1. ## function behavior

Which of the following describes the behavior of the graph
$y=\sqrt[4]{|x-2|}$ at $x=2$?

1. differentiable
2. corner
3. cusp
4. vertical tangent
5. discontinuity

I think its a cusp..but not sure.
Thanks!

2. Originally Posted by live_laugh_luv27
Which of the following describes the behavior of the graph
$y=\sqrt[4]{|x-2|}$ at $x=2$?

1. differentiable
2. corner
3. cusp
4. vertical tangent
5. discontinuity

I think its a cusp..but not sure.
Thanks!
Cusp.

Since the tangent does not exist at x = 2 but the curve is continuous, only options 2 and 3 are candidates. But if you look at the definition of each, the answer has to be cusp.

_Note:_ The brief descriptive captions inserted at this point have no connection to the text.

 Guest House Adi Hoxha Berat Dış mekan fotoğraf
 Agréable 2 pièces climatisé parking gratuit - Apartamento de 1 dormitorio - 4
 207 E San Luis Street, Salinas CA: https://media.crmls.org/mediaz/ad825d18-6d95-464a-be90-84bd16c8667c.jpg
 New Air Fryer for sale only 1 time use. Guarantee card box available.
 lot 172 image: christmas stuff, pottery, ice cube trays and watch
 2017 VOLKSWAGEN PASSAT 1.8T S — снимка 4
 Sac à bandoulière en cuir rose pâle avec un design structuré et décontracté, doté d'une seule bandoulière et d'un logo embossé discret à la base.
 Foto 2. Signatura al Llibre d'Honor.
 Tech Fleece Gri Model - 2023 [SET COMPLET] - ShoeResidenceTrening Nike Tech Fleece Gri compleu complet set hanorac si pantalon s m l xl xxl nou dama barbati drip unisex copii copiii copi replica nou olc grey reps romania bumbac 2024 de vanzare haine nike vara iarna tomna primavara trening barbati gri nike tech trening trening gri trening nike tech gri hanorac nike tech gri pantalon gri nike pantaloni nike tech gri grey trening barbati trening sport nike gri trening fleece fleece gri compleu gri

3. Originally Posted by live_laugh_luv27
Which of the following describes the behavior of the graph
$y=\sqrt[4]{|x-2|}$ at $x=2$?

1. differentiable
2. corner
3. cusp
4. vertical tangent
5. discontinuity

I think its a cusp..but not sure.
Thanks!
The left and right derivatives go to $\mp$ infinity as $x$ goes to $2$, which in the case of slopes are the same thing (the curve is vertical on both sides at $x=1$) which of course makes the point a cusp.

CB

4. Originally Posted by CaptainBlack
The left and right derivatives go to infinity as x goes to 2.

CB
Indeed. Left hand limit $\rightarrow - \infty$ and right hand limit $\rightarrow + \infty$.